++++ Given information ++++

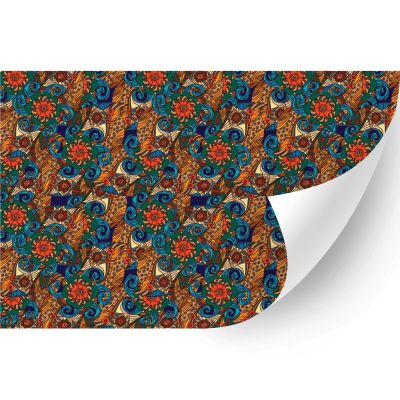HTV4U Puff Floral Heat Transfer Vinyl (Indian Flower, 20" x 5 Yards) - Patterned 3D Heat Press Transfer Paper, Design Printed Patterns for Special Event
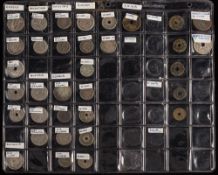 Two sheets of mainly Japanese and American coins including silver and 1892 USA quarter dollar.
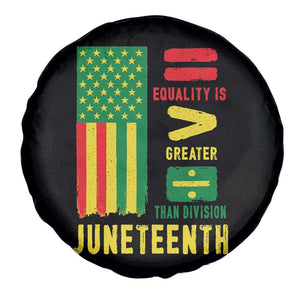 Juneteenth Equality Is Greater Than Division Spare Tire Cover Juneteenth American Flag TS11 Print Your Wear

++++

--- What the exercise asks ---
The material above should be repeated word for word, with every picture omitted.

--- Task answer ---
HTV4U Puff Floral Heat Transfer Vinyl (Indian Flower, 20" x 5 Yards) - Patterned 3D Heat Press Transfer Paper, Design Printed Patterns for Special Event
 Two sheets of mainly Japanese and American coins including silver and 1892 USA quarter dollar.
 Juneteenth Equality Is Greater Than Division Spare Tire Cover Juneteenth American Flag TS11 Print Your Wear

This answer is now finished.